Friday, June 12, 2015

Edwards v. Aguillard (and Santa Fe)--Some Things to Think About

Who should decide the content of the curriculum and the program for commencement for local schools?

Local school authorities? Teachers and principals? Parents? Federal Courts?

Should the answer here be controlled by the incorporated Establishment Clause?

Or by the Tenth Amendment and the process of democratic self-government in the states?

Do these cases demonstrate the need for school choice, for a system that allows parents to decide where (and how) to educate their children without losing the educational funding paid for by their tax dollars?

In America, there is no longer a common understanding about what is true, what is good, and what is beautiful.

Just think about the things we cannot agree on, things that are often covered in K-12 curricula:

--Evolution vs. Creation. Even if a school decides to teach evolution, should it also take care to focus on whether there is any real meaning and purpose to life in a world that came about as a result of a random process of natural selection? If so, what is the source of this meaning? Is it an objective source of meaning, or only our collective best subjective guess about the purpose of life? Is it consistent with, say, what the Bible teaches about life? Or only with certain interpretations of the Bible? Which interpretations are the "true" ones and which are false or based upon ignorance or misunderstanding or pride and hubris? Says who?

--What should children be taught about human sexuality, sexual orientation and marriage and family and human reproduction? Again, is there an objective reality about these issues, or not?

--What should children be taught about history and government? Does the Constitution create a large and powerful national government with weak and dependent states? Which liberties are fundamental? And what is the source of those liberties? Were we "endowed by out Creator" with these liberties? Or do we look to unelected judges to endow us with ones they like and deprive us of ones they don't like?

--What should our children be taught about environmentalism vs property rights? About taxes and social safety nets?

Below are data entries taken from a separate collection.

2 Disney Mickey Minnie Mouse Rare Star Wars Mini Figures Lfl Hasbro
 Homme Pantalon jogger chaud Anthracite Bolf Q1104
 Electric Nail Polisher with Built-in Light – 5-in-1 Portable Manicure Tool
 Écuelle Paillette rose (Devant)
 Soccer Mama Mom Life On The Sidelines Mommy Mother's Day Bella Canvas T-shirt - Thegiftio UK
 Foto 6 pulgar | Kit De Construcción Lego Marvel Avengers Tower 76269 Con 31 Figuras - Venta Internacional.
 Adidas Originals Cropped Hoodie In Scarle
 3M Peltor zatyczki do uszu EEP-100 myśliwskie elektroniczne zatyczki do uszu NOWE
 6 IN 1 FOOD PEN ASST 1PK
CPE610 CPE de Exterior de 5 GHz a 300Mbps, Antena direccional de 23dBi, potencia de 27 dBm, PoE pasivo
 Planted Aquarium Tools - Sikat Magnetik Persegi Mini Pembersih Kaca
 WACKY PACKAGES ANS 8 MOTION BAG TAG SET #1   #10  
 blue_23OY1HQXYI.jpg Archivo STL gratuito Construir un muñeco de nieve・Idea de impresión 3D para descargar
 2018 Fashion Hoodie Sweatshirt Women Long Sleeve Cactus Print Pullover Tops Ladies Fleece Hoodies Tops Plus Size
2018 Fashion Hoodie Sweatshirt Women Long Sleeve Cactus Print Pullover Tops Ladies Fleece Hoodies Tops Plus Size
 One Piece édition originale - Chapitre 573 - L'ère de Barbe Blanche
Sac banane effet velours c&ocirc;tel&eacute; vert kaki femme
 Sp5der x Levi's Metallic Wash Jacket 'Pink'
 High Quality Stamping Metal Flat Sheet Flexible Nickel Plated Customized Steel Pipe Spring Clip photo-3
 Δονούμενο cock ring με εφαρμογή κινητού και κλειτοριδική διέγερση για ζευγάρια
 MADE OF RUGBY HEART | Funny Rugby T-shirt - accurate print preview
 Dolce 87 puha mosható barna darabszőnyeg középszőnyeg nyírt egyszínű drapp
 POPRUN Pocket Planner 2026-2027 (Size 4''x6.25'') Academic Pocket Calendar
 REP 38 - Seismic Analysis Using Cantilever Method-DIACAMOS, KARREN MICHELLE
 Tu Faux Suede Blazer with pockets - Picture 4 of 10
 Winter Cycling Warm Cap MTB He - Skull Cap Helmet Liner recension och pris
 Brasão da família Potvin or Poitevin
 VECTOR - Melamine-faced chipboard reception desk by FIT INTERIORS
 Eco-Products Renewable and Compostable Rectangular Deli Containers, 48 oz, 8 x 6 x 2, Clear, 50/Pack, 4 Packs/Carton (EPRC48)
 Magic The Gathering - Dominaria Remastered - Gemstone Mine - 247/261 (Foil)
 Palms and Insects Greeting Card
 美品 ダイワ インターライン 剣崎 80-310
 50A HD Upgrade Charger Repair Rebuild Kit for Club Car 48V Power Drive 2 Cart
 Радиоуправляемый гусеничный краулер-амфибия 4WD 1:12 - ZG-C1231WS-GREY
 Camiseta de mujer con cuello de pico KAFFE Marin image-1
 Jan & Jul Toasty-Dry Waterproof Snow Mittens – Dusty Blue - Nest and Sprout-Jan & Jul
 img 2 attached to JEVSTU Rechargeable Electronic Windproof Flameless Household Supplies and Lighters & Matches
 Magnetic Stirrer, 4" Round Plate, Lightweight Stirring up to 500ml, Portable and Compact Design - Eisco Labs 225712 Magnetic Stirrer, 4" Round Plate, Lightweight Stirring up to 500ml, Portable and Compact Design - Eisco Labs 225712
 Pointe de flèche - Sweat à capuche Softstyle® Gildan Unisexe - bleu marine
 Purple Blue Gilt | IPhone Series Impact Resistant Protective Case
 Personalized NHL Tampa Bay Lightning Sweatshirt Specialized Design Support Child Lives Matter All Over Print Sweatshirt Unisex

--How then should we live?What constitutes good character?

I could go on forever with this list.

And it is obvious that there are no common truths or common values with respect to these issues. Whose version of the truth should our children be taught? Who decides which version or versions of truth and values our children should be exposed to in school? And who decides which versions of the truth and values will not be included in the curriculum?

If religious versions of the truth are excluded from the curriculum, is the curriculum neutral between religion and non-religion? Between those who believe in secular perspectives and those who believe in religious perspectives?

Between those who think that prayer belongs in education and those who think it does not?